§ What is expected: All the data below goes into the copy word for word, but the pictures don't.

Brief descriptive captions
★ ★ ★
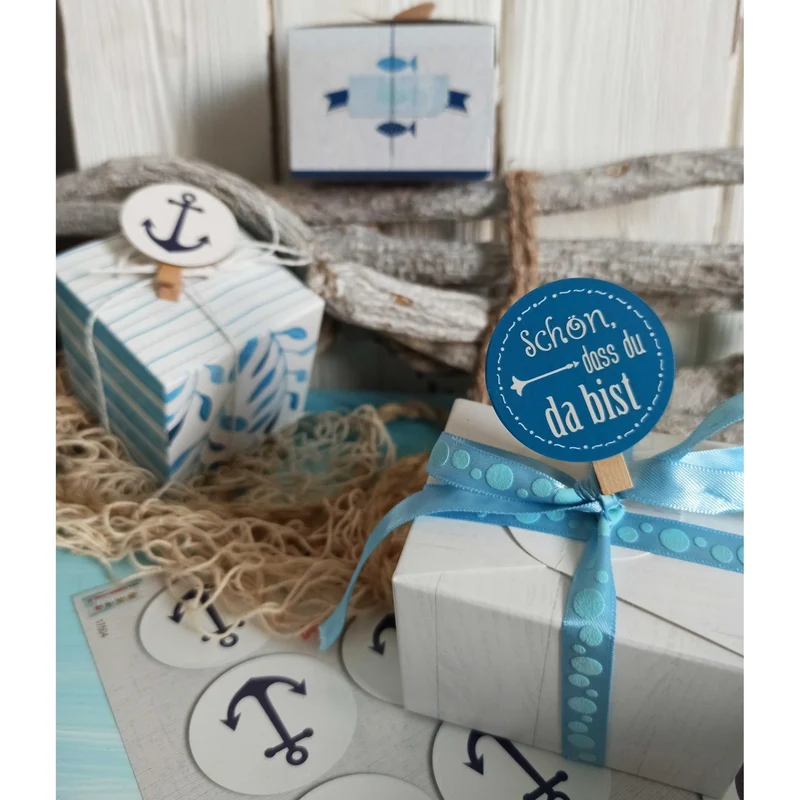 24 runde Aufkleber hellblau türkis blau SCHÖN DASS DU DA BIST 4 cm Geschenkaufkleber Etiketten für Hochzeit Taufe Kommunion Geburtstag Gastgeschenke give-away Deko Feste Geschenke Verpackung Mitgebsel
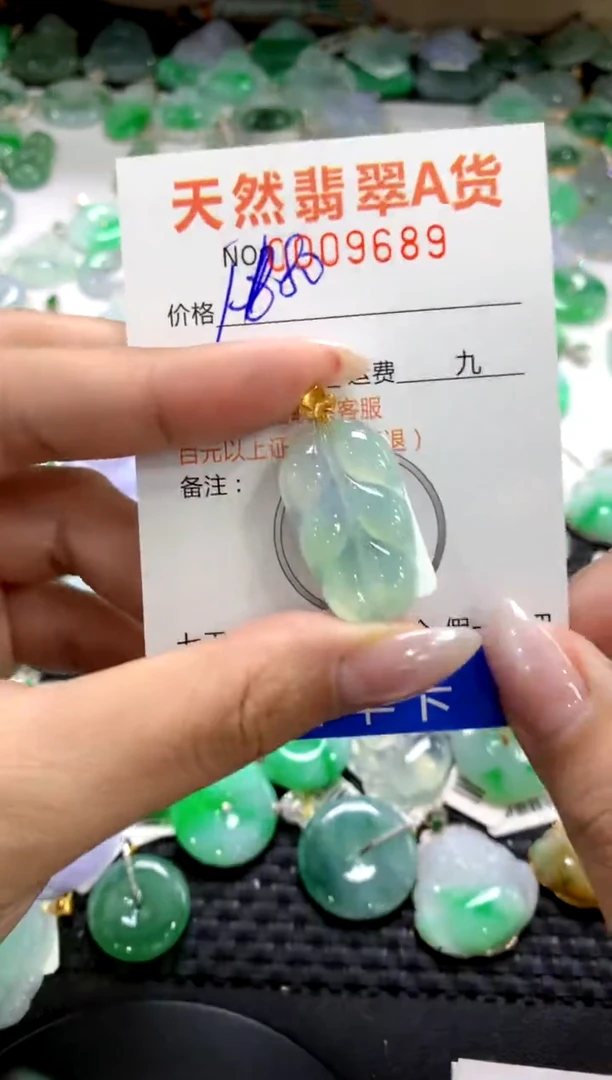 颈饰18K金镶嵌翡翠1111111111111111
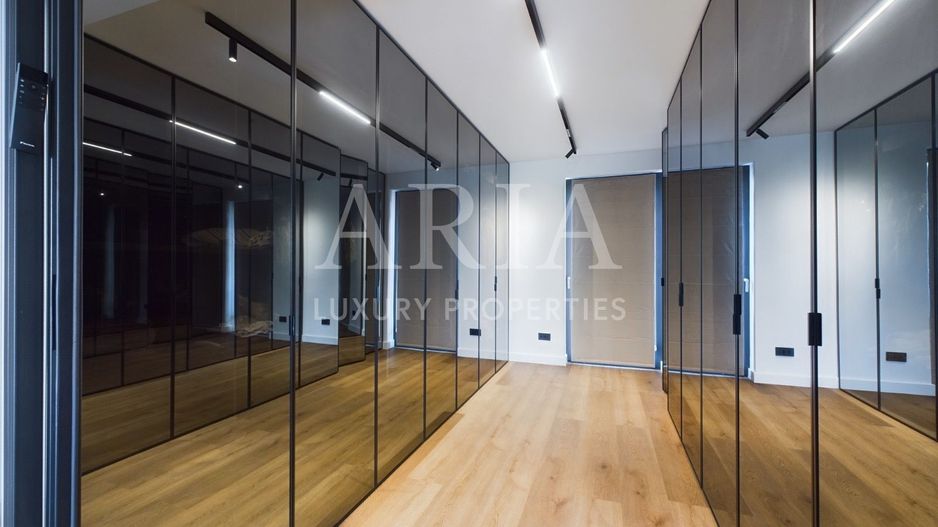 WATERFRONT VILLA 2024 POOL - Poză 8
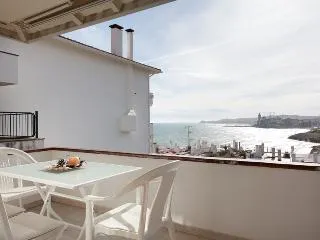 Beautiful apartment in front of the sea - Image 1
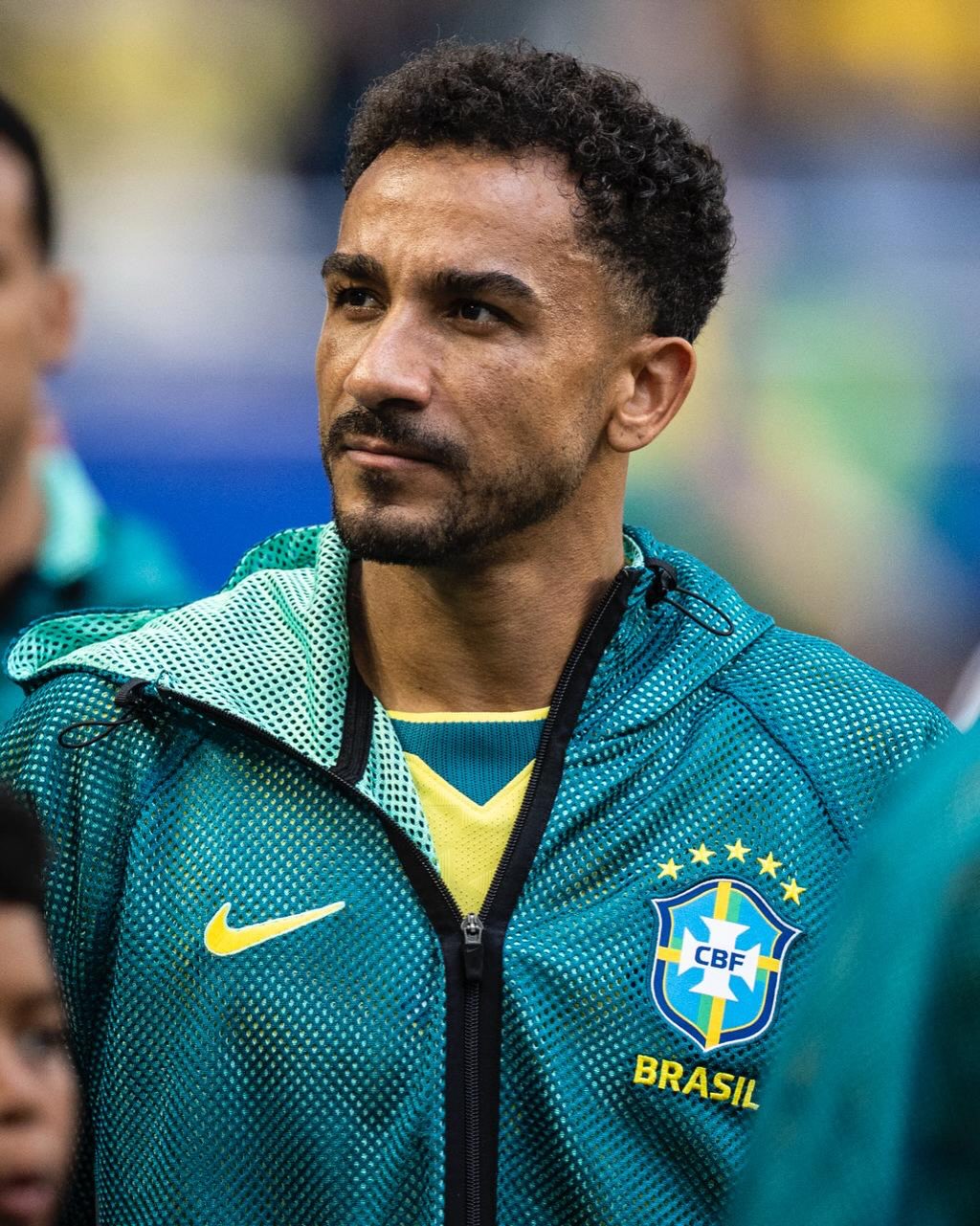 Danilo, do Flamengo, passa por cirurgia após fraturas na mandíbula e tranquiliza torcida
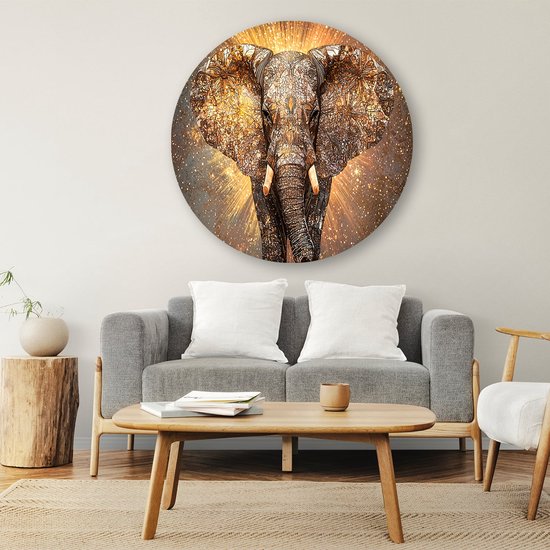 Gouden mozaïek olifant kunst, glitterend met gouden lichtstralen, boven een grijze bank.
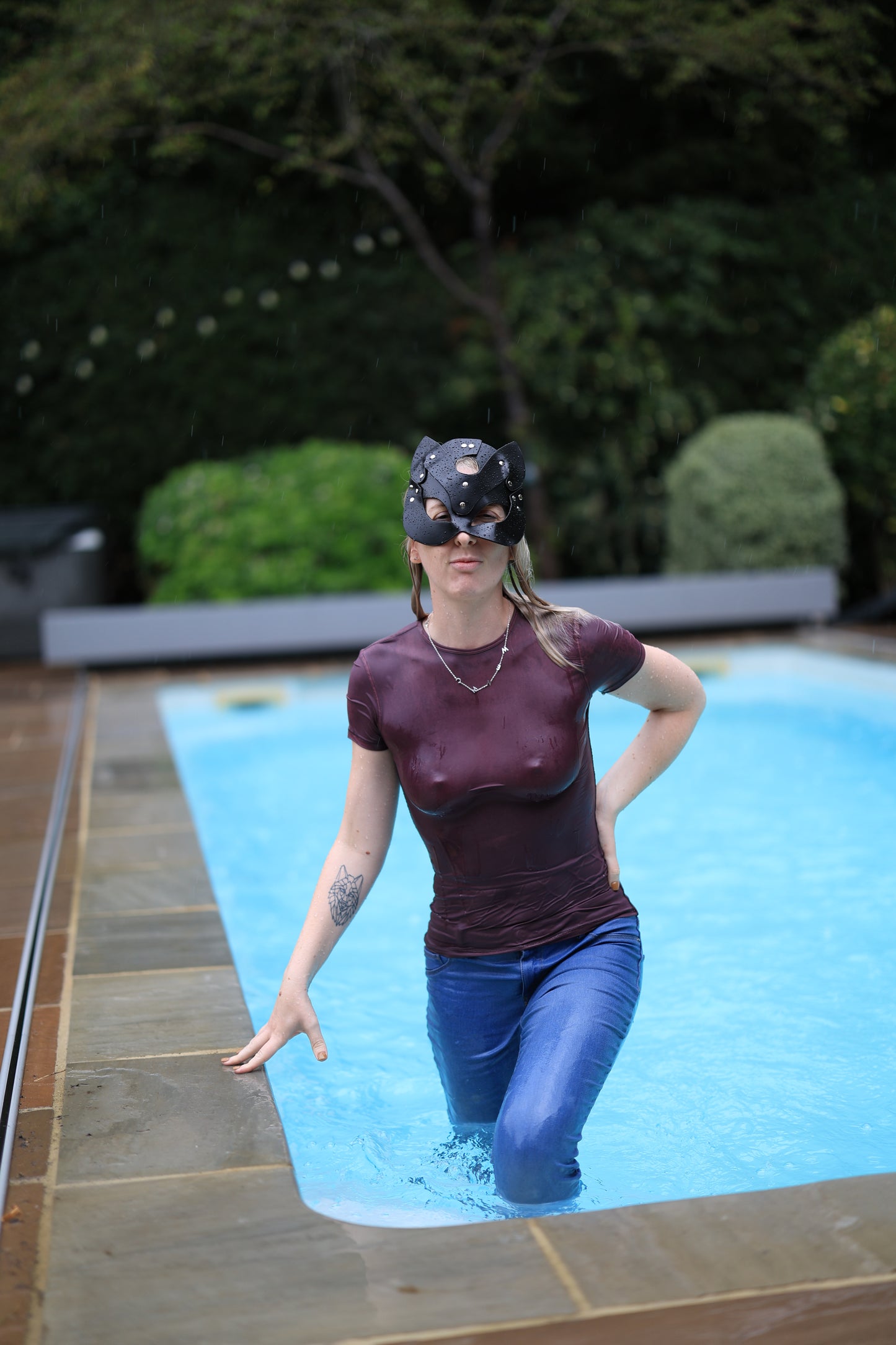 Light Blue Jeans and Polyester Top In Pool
★ ★ ★
§ Response area:
 24 runde Aufkleber hellblau türkis blau SCHÖN DASS DU DA BIST 4 cm Geschenkaufkleber Etiketten für Hochzeit Taufe Kommunion Geburtstag Gastgeschenke give-away Deko Feste Geschenke Verpackung Mitgebsel
 颈饰18K金镶嵌翡翠1111111111111111
 WATERFRONT VILLA 2024 POOL - Poză 8
 Beautiful apartment in front of the sea - Image 1
 Danilo, do Flamengo, passa por cirurgia após fraturas na mandíbula e tranquiliza torcida
 Gouden mozaïek olifant kunst, glitterend met gouden lichtstralen, boven een grijze bank.
 Light Blue Jeans and Polyester Top In Pool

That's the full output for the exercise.